Por Laura Navarro

Edward Hopper (1882-1967), como artista de principios de siglo XX, se negó a participar de las vanguardias, a punto tal de crear una revista: Reality, que abominaba del arte abstracto, y toda otra manifestación de la época.
Hopper insistía con su estilo realista, en hacer un camino propio. En su viaje a Paris, hizo suya la soledad de las plazas romanas del pintor Giorgio Di Chirico (1888-1978), que luego plasmó en sus escenas, no así su mirada surrealista.
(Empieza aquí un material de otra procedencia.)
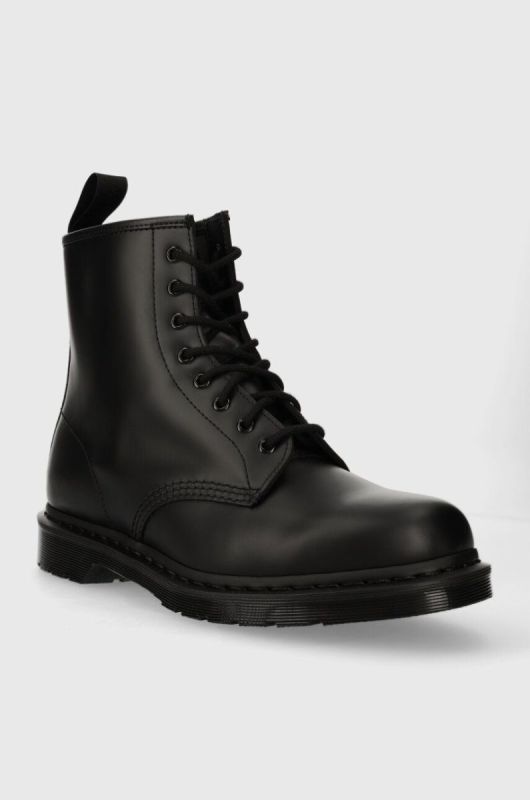 Шкіряні черевики Dr. Martens 1460 Mono чоловічі колір чорний 14353001-Black (3329582) фото 2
Hopper continuó su estilo realista lejos de las últimas vanguardias.
En una visita a casa del artista, un crítico de arte lo encontró en un largo estado contemplativo, sentado frente al mar, casi inmóvil, con la mirada vacía. Qué es lo que ve, preguntó el visitante, a lo que Hopper respondió: solo estudiaba una obra .Así de complejo era el proceso de elaboración de sus escenas. Hopper tardaba meses en estudiar cada escenario, la incidencia de la luz en las cosas, y cada detalle por nimio que fuese, plasmando lo cotidiano, lo sin importancia, para hacerlo eterno. Obras donde generalmente hay personajes implicados en algo que no podemos definir, unidos simplemente por un espacio compartido, en escenas extrañas como Nighthawks (que traducido significa noctámbulos o halcones de la noche), donde podemos espiar u observar a través de una ventana, una serie de personas en una cafetería, personas distantes entre sí: un hombre de espaldas, una pareja, y un camarero abstraído en su tarea. Pareciera que son los únicos sobrevivientes de algo que es irreversible para sus vidas, solo tienen en común ese espacio interior iluminado, un refugio en la noche dentro de algo mayor: la ciudad habitada por miles de seres solitarios .El tiempo parece haberse detenido por obra de la iluminación, los seres humanos parecen muñecos casi desconectados entre sí, pero no: todo está sucediendo. Es el presente lo que pinta el artista: pinto lo que veo, solía decir. Estamos en 1942, después de los sucesos de Pearl Harbor, la guerra es lo irreversible, y la depresión económica golpea fuerte, pero sin embargo esas escenas pueden interpretarse en todas las épocas, la soledad en la urbe de masas y, esos lugares pueden ser cualquier lugar en cualquier otra ciudad, espacios urbanos de silencio, donde deambulan los mismos seres humanos escapando o atrapados por la soledad.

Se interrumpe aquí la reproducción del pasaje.